YouTubeで、今は亡き古今亭志ん生、金原亭馬生、古今亭志ん朝の親子を好んで聴きます。
1965年、2年先輩のKさんが家業を継ぐためIHIを退社する前に、「千早ぶる」を披露して、笑って貰えたことがありました。
千早ぶる 神代もきかず 龍田川 からくれなゐに 水くくるとは
熊さんが物知りのご隠居の処に行き、詩の意味を教えてくれと頼みますと、珍妙な解釈をするのです。
相撲取りの立田川が、実力・人気共に秀でて来て、自信も出来ましたので、遊郭に遊びに行きましたが、お目当ての千早太夫が相手をしてくれないので、妹分の神代太夫にも振られてしまいます。

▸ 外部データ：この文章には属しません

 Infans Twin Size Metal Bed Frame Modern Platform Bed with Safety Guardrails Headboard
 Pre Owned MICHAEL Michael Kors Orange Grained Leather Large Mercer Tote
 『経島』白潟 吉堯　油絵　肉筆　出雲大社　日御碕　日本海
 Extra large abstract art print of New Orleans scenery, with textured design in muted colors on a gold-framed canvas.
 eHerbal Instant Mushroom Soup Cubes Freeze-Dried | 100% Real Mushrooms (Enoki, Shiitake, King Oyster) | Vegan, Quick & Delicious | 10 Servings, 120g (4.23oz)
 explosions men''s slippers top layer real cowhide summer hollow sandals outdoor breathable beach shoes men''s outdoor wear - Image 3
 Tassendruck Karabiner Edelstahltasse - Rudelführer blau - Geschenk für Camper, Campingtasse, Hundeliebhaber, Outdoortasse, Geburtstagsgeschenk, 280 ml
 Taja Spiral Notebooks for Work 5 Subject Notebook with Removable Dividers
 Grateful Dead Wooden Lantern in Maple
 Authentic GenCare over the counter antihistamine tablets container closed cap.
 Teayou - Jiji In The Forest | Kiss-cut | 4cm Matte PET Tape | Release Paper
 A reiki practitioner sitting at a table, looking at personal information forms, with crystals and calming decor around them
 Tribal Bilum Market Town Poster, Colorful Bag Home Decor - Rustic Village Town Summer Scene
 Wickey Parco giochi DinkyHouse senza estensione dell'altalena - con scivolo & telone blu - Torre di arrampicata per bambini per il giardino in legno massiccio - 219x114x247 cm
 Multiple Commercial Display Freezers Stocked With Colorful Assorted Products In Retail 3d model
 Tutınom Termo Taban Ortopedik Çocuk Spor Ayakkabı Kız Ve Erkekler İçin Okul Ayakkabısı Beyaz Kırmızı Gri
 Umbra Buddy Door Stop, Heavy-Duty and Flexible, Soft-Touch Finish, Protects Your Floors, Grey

がっかりして相撲から引退して郷里に帰り、家業の豆腐屋を継ぎます。
其処へ、落ちぶれた女が訪れて、空腹なのでオカラを恵んでくれと頼むのです。
よく見ますと、それは千早大夫の成れの果てでした。
昔の恨みもあって、どんと付き出しますと、体力も無いので、よろよろと井戸に落ちて亡くなってしまったと言うのです。
熊さんは「分かりましたが、最後の「とは」はどういう意味ですか?」と聞くので、困ったご隠居、「とは」は千早太夫の本名だと答えるのです。